O rendimento dos títulos do Tesouro dos EUA a 30 anos atinge o nível mais alto desde 2007, emissões de títulos de grau de investimento nos EUA em agosto alcançam recorde para o período
Na segunda-feira, o rendimento dos títulos do Tesouro dos EUA de 30 anos ultrapassou 5,31% em determinado momento. Empresas estão emitindo grandes volumes de dívida para sustentar o entusiasmo em torno da IA, agravando o desequilíbrio entre oferta e demanda no mercado de títulos de longo prazo. Em agosto, a emissão de títulos de grau de investimento nos EUA já atingiu US$ 145,2 bilhões, superando o recorde mensal de US$ 136 bilhões estabelecido em agosto de 2020. Ao mesmo tempo, o déficit fiscal anual do governo dos EUA, próximo de US$ 2 trilhões, continua a aumentar a oferta de títulos do Tesouro.

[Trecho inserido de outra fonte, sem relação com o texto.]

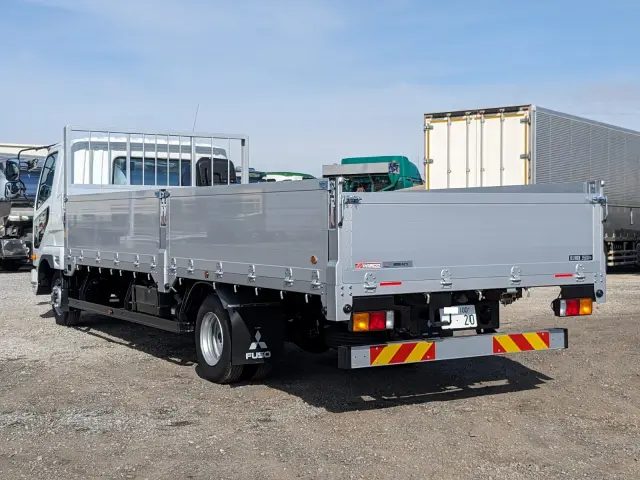 三菱 ファイター 2KG-FK62F(2WD)の写真4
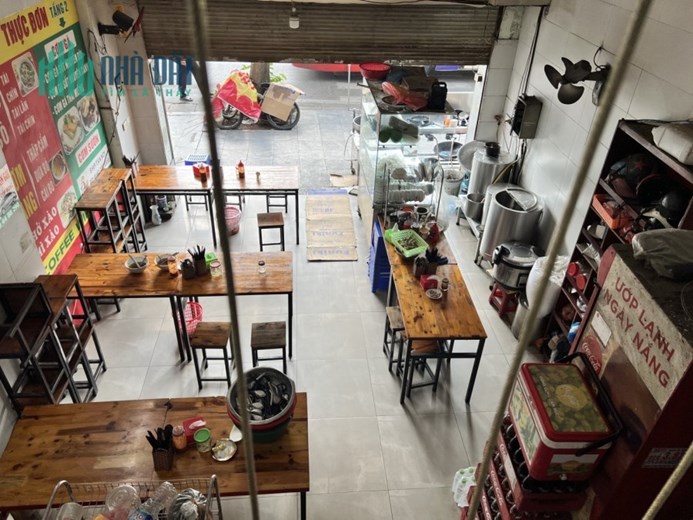 Cần bán nhà mặt phố cực đẹp 3 tầng tại Giaỉ Phóng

Os rendimentos dos títulos do Tesouro dos EUA de longo prazo continuam a subir, refletindo preocupações profundas do mercado em relação à expansão do déficit fiscal, risco de inflação de longo prazo e à trajetória da política do Federal Reserve.
O rendimento dos títulos de 30 anos dos EUA superou 5,31% na segunda-feira, atingindo o nível mais alto desde junho de 2007, dando continuidade ao movimento de venda da semana passada.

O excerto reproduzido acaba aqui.